To support real-time rendering of complex virtual environments without compromising performance, the system was connected to an MSI GE66 Raider laptop (Intel Core i7-10870 x64, 32 GB RAM, NVIDIA GeForce RTX 3060, Intel, Santa Clara, CA, USA) via the VIVE Business Streaming application. This setup enabled low-latency interaction and ensured that the VR experience remained smooth and responsive, which is critical for the accuracy and validity of the experimental tasks [
57].
2.2. Immersive Environment
The virtual environment aims to be a first step in moving from traditional 2D numerosity assessment tasks to 3D settings. For this reason, the environment replicates a living room with a table, chairs, lights, and furnishing elements (
Figure 1).
The application has been developed using the software Unity 6, combined with the SteamVR plugin to include the VR settings. The level of detail used in the environment was the balance point between photorealism and performance. Lights and shadows have been precomputed and baked using an adaptive probe volume. The method consists of sampling the lighting at strategic points in the room, denoted by the positions of the probes. The lighting at any point is approximated by interpolating between the samples obtained by the nearest probes. The interpolation is fast enough to be used during the tests without notably affecting the refresh rate of the HMD.
The interaction mechanisms within the virtual environment have been kept as simple as possible to minimize potential difficulties for participants unfamiliar with VR technology. To confirm selections and start the experience, only the trigger button on the handheld controller is used.
2.3. Procedure
Six participants (five males and one female) took part in the study. The average age of the participants was 34.67 years (range: 28–49 years). All participants had normal or corrected-to-normal vision. The study was approved by the local health service ethics committee (“Comitato Bioetico dell’Università di Pisa”, 24 September 2021, n. 31.) and was conducted in accordance with the Declaration of Helsinki.

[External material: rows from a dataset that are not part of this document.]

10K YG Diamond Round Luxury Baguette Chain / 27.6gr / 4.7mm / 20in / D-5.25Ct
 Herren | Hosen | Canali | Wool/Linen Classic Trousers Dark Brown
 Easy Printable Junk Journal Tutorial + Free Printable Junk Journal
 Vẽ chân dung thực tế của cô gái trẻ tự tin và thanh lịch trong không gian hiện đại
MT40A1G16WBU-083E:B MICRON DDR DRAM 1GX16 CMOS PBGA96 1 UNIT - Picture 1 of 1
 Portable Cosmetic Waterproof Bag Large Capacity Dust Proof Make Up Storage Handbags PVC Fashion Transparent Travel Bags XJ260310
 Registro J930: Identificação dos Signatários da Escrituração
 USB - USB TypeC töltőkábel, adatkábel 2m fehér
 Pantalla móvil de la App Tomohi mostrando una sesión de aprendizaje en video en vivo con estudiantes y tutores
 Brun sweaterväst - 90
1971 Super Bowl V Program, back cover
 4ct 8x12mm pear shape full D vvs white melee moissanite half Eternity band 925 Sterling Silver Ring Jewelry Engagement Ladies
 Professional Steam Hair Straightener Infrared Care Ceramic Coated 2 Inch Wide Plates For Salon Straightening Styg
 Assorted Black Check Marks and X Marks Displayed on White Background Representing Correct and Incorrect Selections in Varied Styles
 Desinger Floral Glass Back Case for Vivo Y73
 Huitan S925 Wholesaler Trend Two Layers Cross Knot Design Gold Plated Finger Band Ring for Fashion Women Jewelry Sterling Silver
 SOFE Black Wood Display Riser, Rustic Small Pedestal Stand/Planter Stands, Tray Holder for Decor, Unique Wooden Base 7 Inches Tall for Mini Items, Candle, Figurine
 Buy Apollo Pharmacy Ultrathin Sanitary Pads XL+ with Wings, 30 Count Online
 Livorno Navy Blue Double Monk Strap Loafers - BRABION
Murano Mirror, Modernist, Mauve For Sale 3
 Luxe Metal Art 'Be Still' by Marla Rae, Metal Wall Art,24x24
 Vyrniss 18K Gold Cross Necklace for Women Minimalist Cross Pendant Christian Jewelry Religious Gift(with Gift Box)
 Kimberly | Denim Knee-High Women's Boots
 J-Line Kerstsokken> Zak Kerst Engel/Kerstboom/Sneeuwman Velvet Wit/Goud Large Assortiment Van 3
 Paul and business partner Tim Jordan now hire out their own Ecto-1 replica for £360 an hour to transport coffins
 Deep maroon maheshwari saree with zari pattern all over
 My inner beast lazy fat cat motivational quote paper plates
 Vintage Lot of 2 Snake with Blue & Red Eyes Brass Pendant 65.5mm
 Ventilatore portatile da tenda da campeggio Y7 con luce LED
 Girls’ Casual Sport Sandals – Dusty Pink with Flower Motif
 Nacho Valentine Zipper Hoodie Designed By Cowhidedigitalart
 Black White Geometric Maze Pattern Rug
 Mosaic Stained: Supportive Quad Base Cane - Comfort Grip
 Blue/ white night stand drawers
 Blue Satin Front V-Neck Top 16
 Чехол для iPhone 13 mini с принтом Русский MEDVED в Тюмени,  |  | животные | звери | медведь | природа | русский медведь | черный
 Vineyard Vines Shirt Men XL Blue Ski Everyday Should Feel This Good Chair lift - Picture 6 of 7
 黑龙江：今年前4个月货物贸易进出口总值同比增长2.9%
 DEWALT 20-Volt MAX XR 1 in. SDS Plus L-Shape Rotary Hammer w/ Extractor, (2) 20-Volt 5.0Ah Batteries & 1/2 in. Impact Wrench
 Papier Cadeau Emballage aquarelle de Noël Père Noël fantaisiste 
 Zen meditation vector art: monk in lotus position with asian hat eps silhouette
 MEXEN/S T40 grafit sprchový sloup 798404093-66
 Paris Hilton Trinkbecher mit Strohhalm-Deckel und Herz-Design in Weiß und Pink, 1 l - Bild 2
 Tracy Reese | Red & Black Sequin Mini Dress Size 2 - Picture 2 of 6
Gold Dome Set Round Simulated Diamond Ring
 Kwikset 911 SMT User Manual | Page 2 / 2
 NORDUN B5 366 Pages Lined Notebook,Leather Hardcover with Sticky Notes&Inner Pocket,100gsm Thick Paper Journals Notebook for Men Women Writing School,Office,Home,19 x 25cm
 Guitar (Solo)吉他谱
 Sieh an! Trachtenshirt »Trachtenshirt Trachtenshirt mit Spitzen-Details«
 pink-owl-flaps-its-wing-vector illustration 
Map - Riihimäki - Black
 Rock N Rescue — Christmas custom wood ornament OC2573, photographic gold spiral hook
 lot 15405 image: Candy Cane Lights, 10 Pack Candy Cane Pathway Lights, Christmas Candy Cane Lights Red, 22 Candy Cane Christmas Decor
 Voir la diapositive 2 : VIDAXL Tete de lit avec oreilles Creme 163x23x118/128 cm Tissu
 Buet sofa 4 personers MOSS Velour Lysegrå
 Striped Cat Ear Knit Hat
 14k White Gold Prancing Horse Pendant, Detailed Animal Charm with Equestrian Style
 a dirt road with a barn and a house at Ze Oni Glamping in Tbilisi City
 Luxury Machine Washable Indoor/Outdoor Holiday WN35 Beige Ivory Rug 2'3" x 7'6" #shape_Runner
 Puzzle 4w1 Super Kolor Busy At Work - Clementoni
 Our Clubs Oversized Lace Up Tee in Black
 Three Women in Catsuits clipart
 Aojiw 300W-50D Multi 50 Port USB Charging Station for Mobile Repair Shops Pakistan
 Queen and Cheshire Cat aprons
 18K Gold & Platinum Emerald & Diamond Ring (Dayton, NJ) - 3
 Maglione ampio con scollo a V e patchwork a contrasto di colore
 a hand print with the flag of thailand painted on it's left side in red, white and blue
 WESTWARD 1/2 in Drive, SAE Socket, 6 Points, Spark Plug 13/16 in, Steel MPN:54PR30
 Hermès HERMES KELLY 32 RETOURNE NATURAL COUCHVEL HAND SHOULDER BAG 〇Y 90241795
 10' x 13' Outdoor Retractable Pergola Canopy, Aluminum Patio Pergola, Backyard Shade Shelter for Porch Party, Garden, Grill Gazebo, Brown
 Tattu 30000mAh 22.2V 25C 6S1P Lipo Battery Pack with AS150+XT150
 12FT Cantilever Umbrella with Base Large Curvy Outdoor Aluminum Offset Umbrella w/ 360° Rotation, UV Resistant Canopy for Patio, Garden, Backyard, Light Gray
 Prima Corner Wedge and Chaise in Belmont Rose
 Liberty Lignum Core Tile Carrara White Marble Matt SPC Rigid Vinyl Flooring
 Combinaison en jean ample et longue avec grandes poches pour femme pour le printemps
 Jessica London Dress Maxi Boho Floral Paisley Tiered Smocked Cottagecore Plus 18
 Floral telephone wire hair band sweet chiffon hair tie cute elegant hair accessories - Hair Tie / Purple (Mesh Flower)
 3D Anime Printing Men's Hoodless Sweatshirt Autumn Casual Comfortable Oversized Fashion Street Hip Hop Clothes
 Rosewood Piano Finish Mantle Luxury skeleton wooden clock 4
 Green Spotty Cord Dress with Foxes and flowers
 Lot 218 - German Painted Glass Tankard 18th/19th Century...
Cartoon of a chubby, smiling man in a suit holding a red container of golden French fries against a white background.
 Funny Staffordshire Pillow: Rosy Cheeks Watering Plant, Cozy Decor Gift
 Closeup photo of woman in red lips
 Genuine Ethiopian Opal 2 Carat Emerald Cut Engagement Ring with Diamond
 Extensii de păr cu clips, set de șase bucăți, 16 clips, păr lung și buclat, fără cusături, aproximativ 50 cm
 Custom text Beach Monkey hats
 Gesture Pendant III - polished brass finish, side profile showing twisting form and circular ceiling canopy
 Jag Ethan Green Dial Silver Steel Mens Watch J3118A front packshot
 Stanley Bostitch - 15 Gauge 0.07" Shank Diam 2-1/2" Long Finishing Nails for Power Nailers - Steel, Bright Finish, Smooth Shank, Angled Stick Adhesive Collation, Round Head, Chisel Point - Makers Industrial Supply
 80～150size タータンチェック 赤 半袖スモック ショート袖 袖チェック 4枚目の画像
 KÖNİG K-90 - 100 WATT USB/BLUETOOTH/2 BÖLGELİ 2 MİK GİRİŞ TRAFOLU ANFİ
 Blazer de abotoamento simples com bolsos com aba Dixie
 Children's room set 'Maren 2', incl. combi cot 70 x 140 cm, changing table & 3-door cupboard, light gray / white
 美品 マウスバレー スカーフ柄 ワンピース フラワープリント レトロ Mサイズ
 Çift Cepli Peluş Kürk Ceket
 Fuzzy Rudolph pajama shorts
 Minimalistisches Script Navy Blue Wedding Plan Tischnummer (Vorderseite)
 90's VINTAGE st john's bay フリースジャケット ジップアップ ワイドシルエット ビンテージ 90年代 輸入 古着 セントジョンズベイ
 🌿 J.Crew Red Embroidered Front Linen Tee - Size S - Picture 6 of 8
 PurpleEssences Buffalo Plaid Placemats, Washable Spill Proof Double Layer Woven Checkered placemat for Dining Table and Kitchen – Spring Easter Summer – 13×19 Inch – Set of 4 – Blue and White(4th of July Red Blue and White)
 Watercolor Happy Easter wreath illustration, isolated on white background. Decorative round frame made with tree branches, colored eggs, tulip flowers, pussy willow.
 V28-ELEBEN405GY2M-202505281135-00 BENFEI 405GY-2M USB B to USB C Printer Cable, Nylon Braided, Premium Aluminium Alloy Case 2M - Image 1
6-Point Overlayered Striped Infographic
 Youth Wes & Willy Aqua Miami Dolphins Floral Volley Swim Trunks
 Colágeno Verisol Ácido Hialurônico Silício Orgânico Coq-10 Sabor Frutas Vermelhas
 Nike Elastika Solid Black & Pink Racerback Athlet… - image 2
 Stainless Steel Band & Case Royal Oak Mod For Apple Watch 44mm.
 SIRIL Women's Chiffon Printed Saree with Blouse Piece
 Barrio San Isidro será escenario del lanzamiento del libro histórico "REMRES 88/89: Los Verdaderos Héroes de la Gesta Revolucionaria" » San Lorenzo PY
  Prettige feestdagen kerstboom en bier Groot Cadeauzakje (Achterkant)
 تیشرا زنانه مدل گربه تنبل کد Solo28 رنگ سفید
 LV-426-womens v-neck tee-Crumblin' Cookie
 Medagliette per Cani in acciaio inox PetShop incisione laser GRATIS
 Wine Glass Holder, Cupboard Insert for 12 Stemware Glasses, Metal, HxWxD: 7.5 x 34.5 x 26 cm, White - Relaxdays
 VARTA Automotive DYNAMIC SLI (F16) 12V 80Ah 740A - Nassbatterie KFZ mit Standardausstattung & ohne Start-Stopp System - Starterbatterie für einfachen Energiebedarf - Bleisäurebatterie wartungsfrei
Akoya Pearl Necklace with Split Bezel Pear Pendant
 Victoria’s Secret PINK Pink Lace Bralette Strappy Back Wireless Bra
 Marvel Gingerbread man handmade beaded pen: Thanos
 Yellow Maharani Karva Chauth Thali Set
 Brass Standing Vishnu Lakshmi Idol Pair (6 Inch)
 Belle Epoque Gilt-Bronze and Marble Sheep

Prior to the experiment, a calibration phase was conducted to adjust the HMD for each participant, specifically by setting the interpupillary distance to match their individual needs. This calibration ensured accurate visual alignment and optimal comfort. Participants were then given time to familiarize themselves with the virtual environment, the VR controllers, and the general mechanics of the study.
The task involved judging two groups of small spheres placed on a virtual table and determining which group contained more spheres. The participant’s position, while interacting with the virtual environment, is visually represented by the avatar in
Figure 1. It is important to note that this avatar was added only for illustrative purposes in the figure and was not present in the actual virtual environment during the study.
Participants began the task by standing in front of a starting panel positioned near the virtual table. To start the evaluation, they confirmed their readiness by pressing a virtual button on the panel using the VR controller. Following this confirmation, a series of pairs of red sphere groups appeared on the table. The virtual table measured 0.9 × 1.9 m2 in area and was set at a height of 0.7 m. At the center of the table, a light blue semi-sphere served as a fixation point to help participants maintain their gaze at a consistent location.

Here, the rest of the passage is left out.